A clean diagram of a network setup, juxtaposed with a mess of network cabling

(source: LiveJournal Engineering, frumper 15 on TR Forums)

On the left is a pristine network diagram. On the right is how most networks look in practice. This isn’t to bemoan the death of cable lacing, but an illustration of what Richard Cook calls ‘Systems as Imagined’ versus ‘Systems as found’ (stolen from his excellent talk, How Complex Systems Fail).

With any complex system there is always a conflict between intent and implementation, and with protocols there is a always a mismatch between specification and reality. If you make a specification too small, implementation specific behaviour creeps in, and if you make it too long, no-one has a chance of implementing it correctly. A good specification has to strike a balance between prescriptive to descriptive, explaining how things should work, but begrudgingly admitting how existing implementations behave. HTTP is no exception.

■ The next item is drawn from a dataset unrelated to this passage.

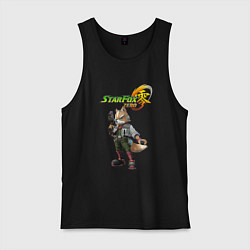 Майка мужская хлопок Star fox Zero Nintendo Video game!, цвет: черный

From the outset, HTTP seems like a very simple protocol. You make a request, you get a response back. ‘HTTP as Imagined’ is rather straight forward:

GET / HTTP/1.1<CRLF>
Host: www.example.org<CRLF>
<CRLF>


200 OK<CRLF>
Content-Type: text/plain<CRLF>
Content-Length: 5<CRLF>
<CRLF>
hello

Although RFC 2616 officially defines HTTP, HTTP is also defined by how popular browsers and web servers behave. The RFC is over a decade old, so these behaviours are often discovered through spelunking source code, or nightmare debugging sessions. A robust implementation needs to handle the obscure edge cases of the standard, and the mind boggling way in which others have implemented HTTP. For example:

A simple request and response may not be so simple in the wild. ‘HTTP as Found’ may require sick-bags.


GET http://www.example.org/ HTTP/1.1<LF>
Host:<LF>
 www.example.org<CRLF>
Content-Length:0<CRLF>
<LF>


100 Continue<CRLF>
<CRLF>
200<CRLF>
Transfer-Encoding: chunked<CRLF>
<CRLF>
5<CRLF>
hello
0<CRLF>
Content-Type: text/plain<CRLF>
<CRLF>

If this looks bad for HTTP/1,1, at least it isn’t HTTP/0.9. This prehistoric version of HTTP is simpler to parse, in the sense that there are no headers or start line in the response, just the content. Despite being as old as the web, there are situations where a modern robust HTTP server will return such a decrepit response.

GET /a_very_long_url............................ HTTP/1.1<CRLF>
Host: www.example.org<CRLF>
<CRLF>


hello

If you ask for an enormous URL, some servers will only process the first thousand characters of the request, without seeing the HTTP/1.1 at the end. In particular, NGINX will assume it is a HTTP/0.9 request, and then strip the header from the response. Robust browsers will fail to parse the response as HTTP/1 or above, assume it’s HTTP/0.9, and render the entirety of the response as HTML.

(If this disgusts you, don’t look at character set detection)

Thankfully, the newest draft of HTTP captures much the folk knowledge needed to write robust implementations. You may feel dirty, but at least your code works.